A palavra é esvaziada de valores e conteúdo, razão pela qual chamas o assassinato de “morte”, dizendo que, por fim, os EUA “mataram” Bin Laden. Não tento justificá-lo por qualquer premissa, sou contra qualquer forma de terrorismo, tanto o desses grupos armados, como o terrorismo de Estado que o teu país exerce em diversas partes do mundo, apoiando ditadores, impondo bases militares e intervenção armada, exercendo a violência para se manter através do terror no eixo do poder mundial. Existe apenas um só “eixo do mal”? Como o chamarias?

Será por essa razão que a população dos EUA vive com tanto medo de represálias daqueles a que chamam de “eixo do mal”? O simplismo e a hipocrisia de justificar o injustificável.

A Paz é uma dinâmica de vida nas relações entre as pessoas e os povos; é um desafio para a consciência da humanidade, o seu caminho é trabalhoso, quotidiano e esperançoso, onde os povos são construtores das suas próprias vidas e da sua própria história. A Paz não se dá de presente, ela contrai-se, e é isso que te está a faltar rapaz, coragem para assumir a responsabilidade histórica com o teu povo e com a humanidade.

Não podes viver no labirinto do medo e da dominação dos que governam os EUA, ignorando os Tratados Internacionais, os Pactos e Protocolos, de governos que assinam mas não cumprem nada e não cumprem nenhum dos acordos, mas que falam em nome da liberdade e do direito.

Como podes falar de Paz quando não queres cumprir com nada, salvo com os interesses do teu país?

Como podes falar da Liberdade quando tens inocentes encarcerados em Guantánamo, nas prisões dos EUA, nas prisões do Iraque, como Abu Ghraib, e no Afeganistão?

Como podes falar de Direitos Humanos e da dignidade dos povos quando os violas a ambos permanentemente e bloqueias aqueles que não partilham a tua ideologia, obrigando-os a suportar os teus abusos?

Como podes enviar Forças Militares para o Haiti após o devastador terramoto, e não ajuda humanitária a esse povo sofrido?

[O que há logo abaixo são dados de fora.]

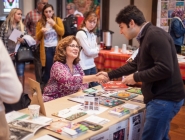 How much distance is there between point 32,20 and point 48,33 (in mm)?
1220

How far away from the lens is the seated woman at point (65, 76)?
8.32ft

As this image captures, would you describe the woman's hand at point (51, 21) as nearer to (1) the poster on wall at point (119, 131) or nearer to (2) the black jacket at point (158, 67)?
(2) the black jacket at point (158, 67)

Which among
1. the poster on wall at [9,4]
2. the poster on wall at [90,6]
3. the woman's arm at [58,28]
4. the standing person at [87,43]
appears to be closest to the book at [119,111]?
the standing person at [87,43]

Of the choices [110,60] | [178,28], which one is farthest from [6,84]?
[178,28]

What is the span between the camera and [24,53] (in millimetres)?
4180

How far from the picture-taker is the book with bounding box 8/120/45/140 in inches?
63.7

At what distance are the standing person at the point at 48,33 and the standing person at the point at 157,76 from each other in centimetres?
233

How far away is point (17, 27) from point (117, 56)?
63.6 inches

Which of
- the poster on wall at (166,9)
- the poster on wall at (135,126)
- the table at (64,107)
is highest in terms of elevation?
the poster on wall at (166,9)

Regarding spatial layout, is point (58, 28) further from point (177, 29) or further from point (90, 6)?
point (90, 6)

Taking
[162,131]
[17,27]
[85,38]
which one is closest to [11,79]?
[162,131]

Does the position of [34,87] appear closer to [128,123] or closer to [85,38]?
[128,123]

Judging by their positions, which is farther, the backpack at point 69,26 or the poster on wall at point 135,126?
the backpack at point 69,26

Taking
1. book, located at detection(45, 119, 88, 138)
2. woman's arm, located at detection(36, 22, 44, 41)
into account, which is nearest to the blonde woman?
woman's arm, located at detection(36, 22, 44, 41) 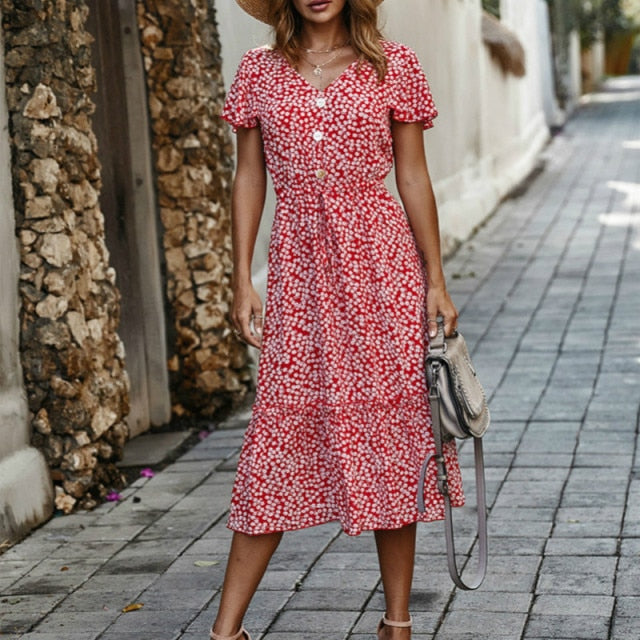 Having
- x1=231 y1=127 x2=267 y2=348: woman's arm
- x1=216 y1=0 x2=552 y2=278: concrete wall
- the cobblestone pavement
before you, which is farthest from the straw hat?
x1=216 y1=0 x2=552 y2=278: concrete wall

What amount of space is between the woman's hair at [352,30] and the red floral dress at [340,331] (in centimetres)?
3

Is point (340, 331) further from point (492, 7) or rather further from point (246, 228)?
point (492, 7)

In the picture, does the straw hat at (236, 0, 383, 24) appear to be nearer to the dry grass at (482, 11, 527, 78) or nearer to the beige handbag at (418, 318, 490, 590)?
the beige handbag at (418, 318, 490, 590)

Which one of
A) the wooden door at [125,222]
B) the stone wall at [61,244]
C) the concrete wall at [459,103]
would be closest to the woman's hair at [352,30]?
the stone wall at [61,244]

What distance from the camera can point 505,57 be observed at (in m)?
17.2

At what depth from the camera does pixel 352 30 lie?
3.43 metres

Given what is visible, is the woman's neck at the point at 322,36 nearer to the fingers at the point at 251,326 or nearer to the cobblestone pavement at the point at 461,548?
the fingers at the point at 251,326

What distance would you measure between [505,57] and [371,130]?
46.7 ft

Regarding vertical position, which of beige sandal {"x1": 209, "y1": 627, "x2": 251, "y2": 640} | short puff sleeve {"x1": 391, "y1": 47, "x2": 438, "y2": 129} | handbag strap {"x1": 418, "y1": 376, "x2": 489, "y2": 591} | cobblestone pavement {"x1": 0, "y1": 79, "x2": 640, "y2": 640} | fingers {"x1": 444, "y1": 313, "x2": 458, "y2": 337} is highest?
short puff sleeve {"x1": 391, "y1": 47, "x2": 438, "y2": 129}

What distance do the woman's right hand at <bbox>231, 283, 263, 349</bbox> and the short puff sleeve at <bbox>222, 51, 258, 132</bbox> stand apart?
405mm

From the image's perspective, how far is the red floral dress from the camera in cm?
343

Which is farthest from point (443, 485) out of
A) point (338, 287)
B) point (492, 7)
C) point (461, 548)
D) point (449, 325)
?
point (492, 7)

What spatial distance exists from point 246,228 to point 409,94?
52 cm

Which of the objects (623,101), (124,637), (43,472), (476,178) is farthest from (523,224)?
(623,101) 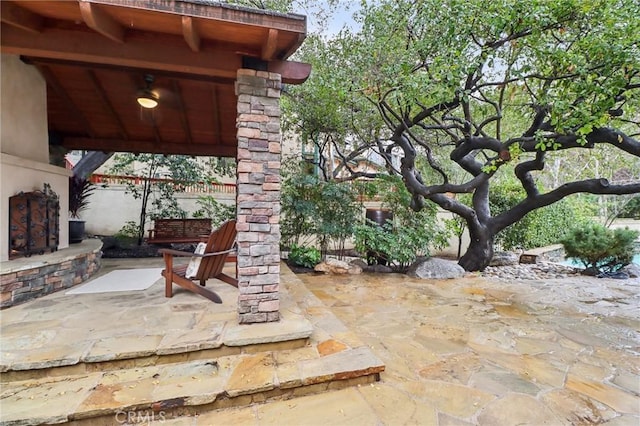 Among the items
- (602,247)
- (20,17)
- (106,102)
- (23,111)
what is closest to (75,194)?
(106,102)

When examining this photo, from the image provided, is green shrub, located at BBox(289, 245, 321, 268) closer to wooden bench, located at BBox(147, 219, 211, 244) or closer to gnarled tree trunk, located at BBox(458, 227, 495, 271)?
wooden bench, located at BBox(147, 219, 211, 244)

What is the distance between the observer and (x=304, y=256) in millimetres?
5875

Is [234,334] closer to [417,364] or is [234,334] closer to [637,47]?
[417,364]

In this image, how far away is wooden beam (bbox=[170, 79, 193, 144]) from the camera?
3688mm

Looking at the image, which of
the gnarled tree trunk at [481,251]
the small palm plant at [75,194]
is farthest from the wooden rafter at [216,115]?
the gnarled tree trunk at [481,251]

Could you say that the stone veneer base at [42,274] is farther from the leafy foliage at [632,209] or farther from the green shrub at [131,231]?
the leafy foliage at [632,209]

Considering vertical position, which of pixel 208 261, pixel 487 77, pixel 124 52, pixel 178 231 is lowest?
pixel 208 261

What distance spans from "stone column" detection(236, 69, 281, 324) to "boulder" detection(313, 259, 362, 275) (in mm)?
3205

Como podes falar de Liberdade quando massacras os povos do Médio Oriente e propagas a guerra e a tortura, em conflitos intermináveis, que sangram palestinos e israelitas?

Barack, olha para cima nesse teu labirinto, podes encontrar a estrela que te guiará, ainda que saibas que jamais a poderás alcançar, como tão bem o disse Eduardo Galeano.

Procura ser coerente entre o que dizes e o que fazes, essa é a única forma de não perder o rumo. É um desafio da vida.

O Nobel da Paz é um instrumento ao serviço dos povos, nunca para a vaidade pessoal.

Desejo-te muita força e esperança, e espero que tenhas coragem de corrigir o caminho e assim encontrar a sabedoria da paz.

Adolfo Perez Esquivel. Nobel da Paz de 1980. Buenos Aires, 5 de Maio de 2011.